Originally posted by shadowRRL
Assess the significance of the Manhattan Project to society.
Is there anybody out there that know this stuff...
HELP NEEDED URGENTLY!!!
this is basically me crapping on in one of my assessments, i received an alright mark for the entire assess. it's not the best, but i crapped on hard... as you can see:
1. Gather, process and analyse information to assess the significance of the Manhattan Project to society.
The Manhattan Project was the code name used for the United States effort to produce the atomic bomb during World War II. It was named after the Manhattan Engineering District of the US Army Corps of Engineers in New York, where much of the early work was done.
In 1938, German scientists discovered nuclear fission. Physicists, many of whom were refugees from Nazi persecution, raised the possibility that Nazi Germany might develop an atomic bomb. They included Hungarian physicists Szilard, Teller and Wigner Teller who was to become the father of the H-bomb.
1939 saw Szilard, Teller and Wigner convincing Albert Einstein to write a letter to the American President Franklin Roosevelt, which advocating the immediate development of an atomic bomb. Consequently, Roosevelt set up an Advisory Committee on Uranium in October of that year.
December 1941 saw the Japanese attacking Pearl Harbour, bringing America into the war. This attack had accelerated the race for the atomic bomb. The army was soon brought into the construction activities necessary for the Manhattan Project to proceed. The theoretical physicist Oppenheimer was then appointed to direct the weapons design and manufacture.
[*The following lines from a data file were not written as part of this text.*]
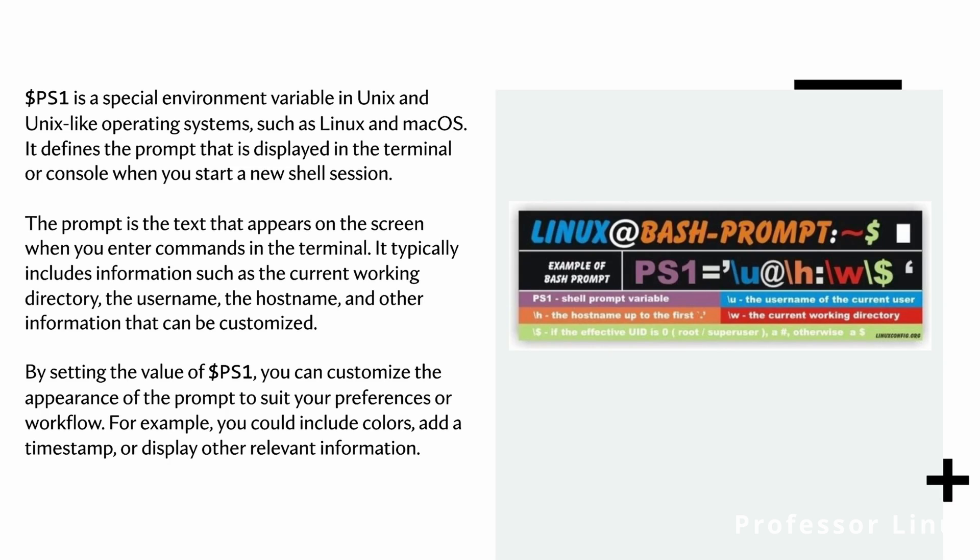And then you have the slash dollar sign, which means if you're a special user like a superuser or maybe root, and then also if you're a regular user, you can get the dollar sign.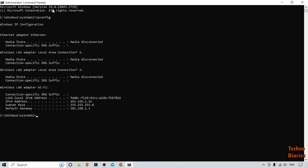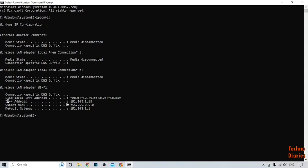Now here you can see some options: Ethernet adapter, wireless LAN adapter, wireless LAN adapter local area, and wireless adapter Wi-Fi. In Wi-Fi, here you can see your IP address. So here you can see we have found IP address.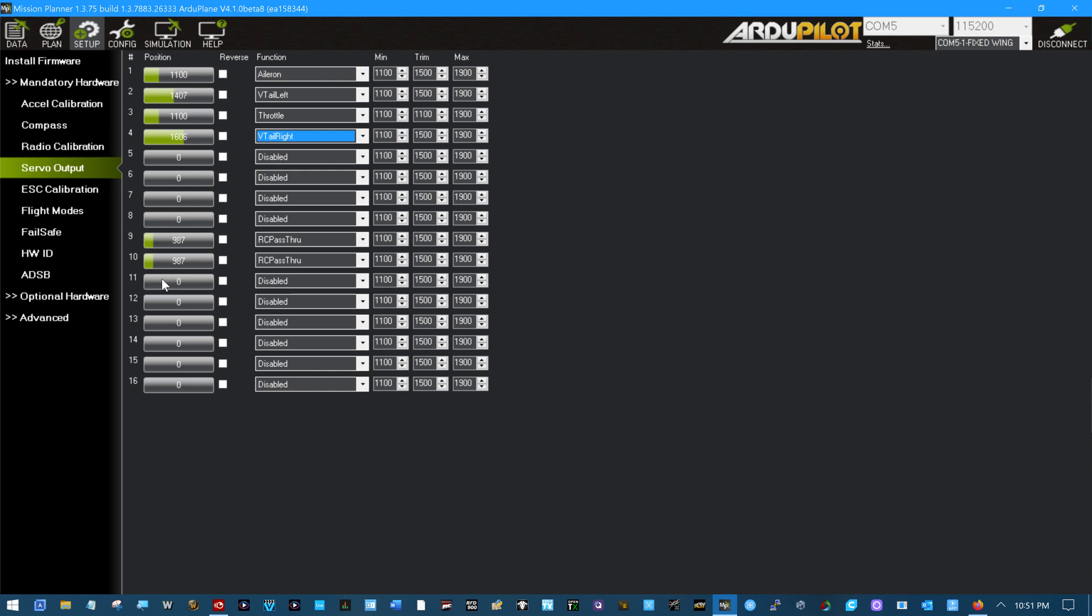The mode switch on channel 11, like I said, can't be set in this list. It has to be set elsewhere. I'll get to that at that time. Return to launch, other things like that, more easily set elsewhere. With this pass-through and the setup of the frame, the VTOL, has to be done here.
The significance of the Manhattan Project had been aided by Enrico Fermi, who had created the first chain reaction in a reactor. Four years later, bomb-grade U-235 had been produced, to be fashioned into a bomb. Other developments in Washington used Pu-239. The Pu-239 bomb was made by having a sphere of Pu-239, surrounded by explosives.
The resulting implosion would then result in a supercritical mass faster than was possible in a barrel. With the successful explosion of the first atomic bomb using Pu-239, the resultant explosion created an energy value equivalent to twenty-thousand tonnes of TNT.
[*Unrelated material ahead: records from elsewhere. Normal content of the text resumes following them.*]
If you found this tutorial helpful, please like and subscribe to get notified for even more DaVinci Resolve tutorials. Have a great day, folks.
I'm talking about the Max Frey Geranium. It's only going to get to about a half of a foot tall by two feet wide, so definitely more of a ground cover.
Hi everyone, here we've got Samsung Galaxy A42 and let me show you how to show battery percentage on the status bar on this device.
At the same time, the U-235 bomb (nicknamed Little Boy) was on its way to the Pacific, to be dropped on Hiroshima. Three days later, a Pu-239 bomb was dropped on Nagasaki.
The Manhattan Project was the largest and most expensive project of the war, costing approximately US $2 billion dollars in 1945.
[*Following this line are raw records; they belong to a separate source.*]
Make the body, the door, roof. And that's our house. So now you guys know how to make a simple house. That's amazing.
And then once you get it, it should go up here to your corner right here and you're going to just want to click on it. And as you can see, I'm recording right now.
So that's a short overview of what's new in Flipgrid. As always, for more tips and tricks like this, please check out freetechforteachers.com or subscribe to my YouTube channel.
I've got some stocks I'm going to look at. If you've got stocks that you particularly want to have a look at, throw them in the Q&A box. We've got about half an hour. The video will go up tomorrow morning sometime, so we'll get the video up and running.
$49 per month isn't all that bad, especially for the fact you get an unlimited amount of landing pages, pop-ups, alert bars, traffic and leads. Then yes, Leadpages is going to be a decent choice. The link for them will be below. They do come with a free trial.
The Manhattan Project is considered to be an engineering feat unparalleled to that day. However, the most significant aspect of the Manhattan Project had been assurance that humankind possessed the power to destroy itself.
The Cold War and the resulting arms race had cost us the chance to eradicate disease and hunger, by focussing our attentions on the development of atomic bombs such as U-235 and Pu-239 bombs, creating energy values equivalent to twenty-thousand tonnes of TNT, destroying two cities (Hiroshima and Nagasaki), while costing $2 billion US dollars during 1945. The Manhattan Project was a success to society, its significance lies in the fact humankind has developed the power and has the capability to destroy itself and the world.